PRIMO MARELLA GALLERY
Arvin Golrokh - Nothing is empty

Arvin Golrokh - Nothing is empty

22 settembre - 30 ottobre 2022

Primo Marella Gallery Milano è lieta di presentare la prima grande mostra personale di Arvin Golrokh - Nothing is empty

Arvin Golrokh è nato a Teheran nel 1992. Dal 2018 ha scelto di trasferirsi a Torino per frequentare l’Accademia. È una scelta che potrebbe essere spiegata come una presa di distanza da un paese come l’Iran, segnato da una grande storia e da un difficile presente. In realtà Golrokh non è affatto scappato dal suo paese: in questi anni ha anzi approfondito e ridefinito la dimensione della sua appartenenza. Le coordinate storiche e geografiche sono diventate sempre più le linee di forza della sua pittura; una pittura che parla un linguaggio aggiornato, internazionale partendo dallo specifico di una memoria. Anzi, accettando di precipitare ogni volta in quello specifico. Con Arvin Golrokh il motore potente e drammatico della storia torna a segnare il destino e le ragioni della pittura. La pittura in questo è chiamata ad una sfida: dilatare l’orizzonte del proprio discorso e restituirlo come discorso sul mondo, sulla libertà e sul potere. La sfida si gioca ogni volta sulla tela, con l’intensità emotiva di una battaglia, dove la logica cieca del sopruso è chiamata a misurarsi con la lucentezza di una determinatissima visione morale. Non importa chi vinca, importante è che questo accada. La pittura svela i meccanismi ambigui del potere e insieme mette in campo l’energia per un riscatto.
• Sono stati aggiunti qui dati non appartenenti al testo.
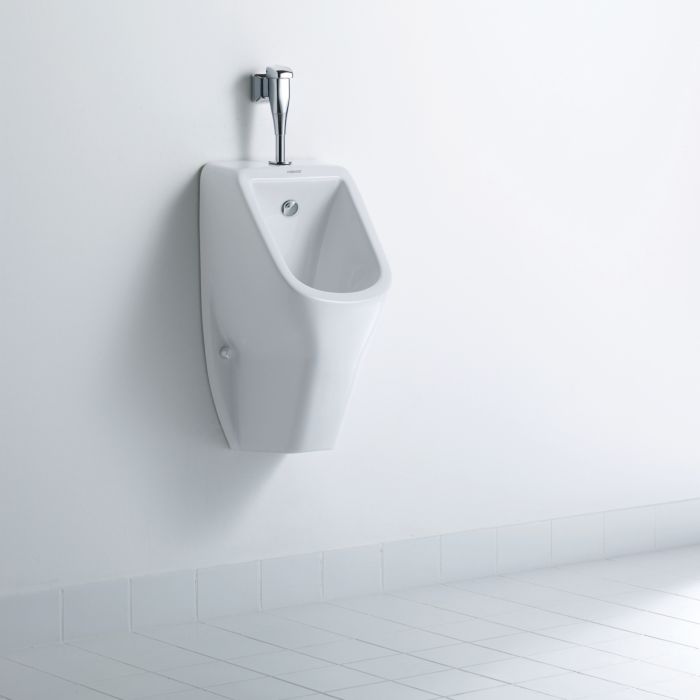 Duravit D-Code Urinal 0828300007 inkusive Spüldüse, mit Fliege, Weiß Hochglanz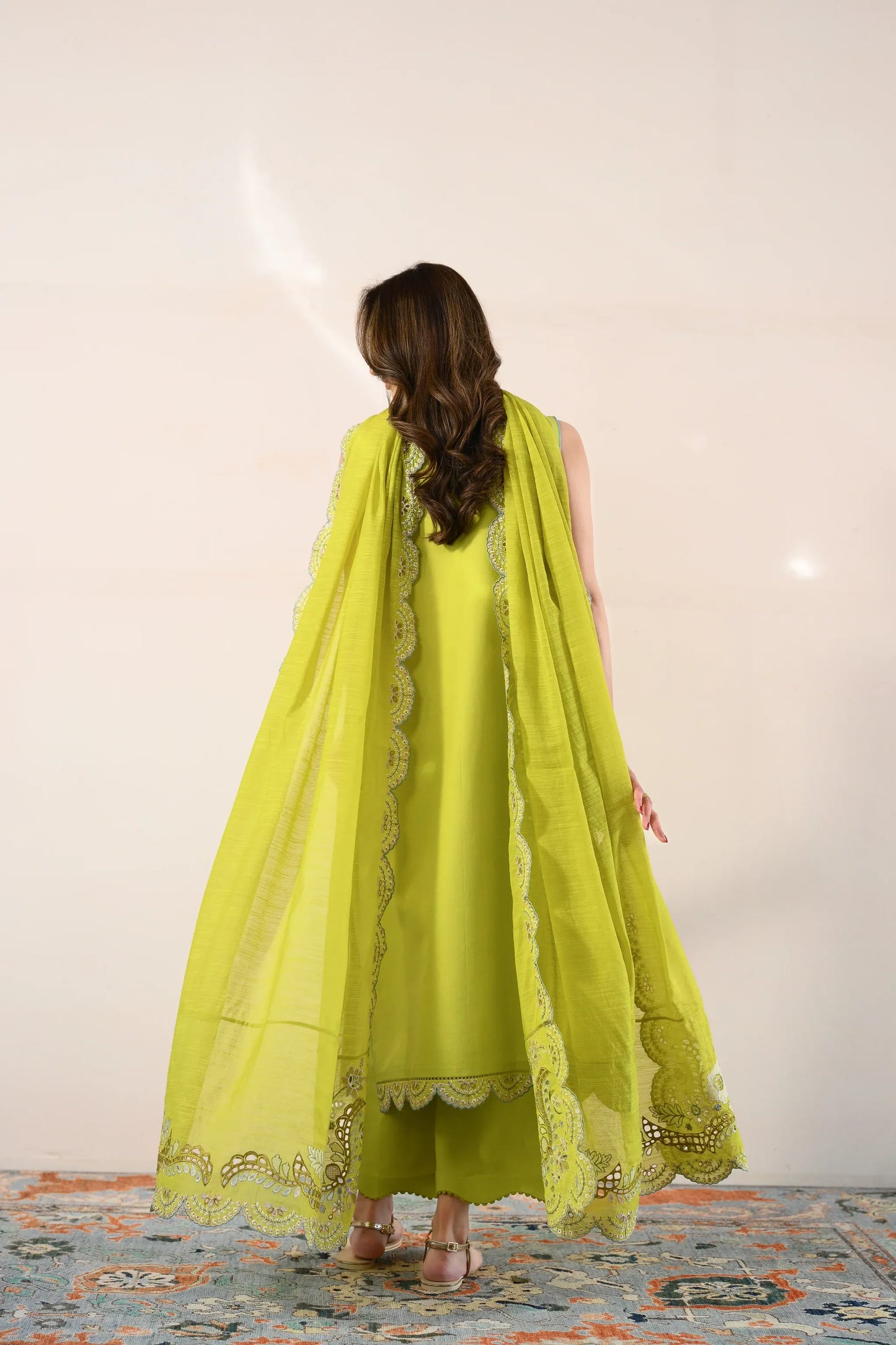 Ready To Wear SS '26 - LIME GREEN LUXURY EMBROIDERED LAWN 3PCS SET | NPA3-26416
In ogni opera di Arvin Golrokh c’è qualcosa che prevale sull’amarezza e la drammaticità di ciò che viene testimoniato, seppure con quelle sue modalità così allusive. È un amore profondo, un senso di appartenenza alla storia da cui viene, nonostante i tanti misfatti di cui quella storia si è macchiata. Questo spiega quel sottile e sorprendente impeto redentivo che caratterizza la sua pittura. Una pittura che non si rinserra mai nell’ineluttabilità delle cose, nel fatalismo senza scampo, ma che al contrario è regolata da una tensione morale in direzione di un “oltre”. Se ne scorgono i segni nel crepitio infinito, tagliente, sofferto di una materia pittorica che sa essere anche ostinatamente luminosa. Ricorrendo a un gioco verbale si potrebbe dire che la sua è pittura che non si “erge” ma che si “immerge”; e immergendosi prende per mano, sollecita le coscienze a comprendere lo stato delle cose e intanto dà visibilità a schegge di una bellezza smarrita ma non perduta.

Golrokh confessa di aver molto guardato Goya e in particolare i suoi “Disastri della guerra”. In effetti la drammatica amarezza che segna quello straordinario ciclo di incisioni, dove si affrontava un conflitto civile che aveva devastato la storia spagnola, è sintomo della volontà vera dell’artista: non porsi a giudice di quella stagione tragica, ma smuovere le coscienze rispetto all’inutile crudeltà di quanto era accaduto. La ferocia di tante scene del ciclo è motivata da questa urgenza morale; non è fine a sé stessa ma funziona da accorato richiamo a cogliere l’insensatezza di tanta violenza. Arvin Golrokh si muove con uno spirito simile operando però in una direzione opposta, cioè mascherando l’accaduto, distanziandolo anche quando la rappresentazione si fa più esplicita e i riferimenti più serrati. La cancellatura delle sembianze rende ancora più potente il messaggio, in quanto la pittura violando le immagini di partenza, finisce con lo smascherarne in modo impietoso il contenuto di propaganda.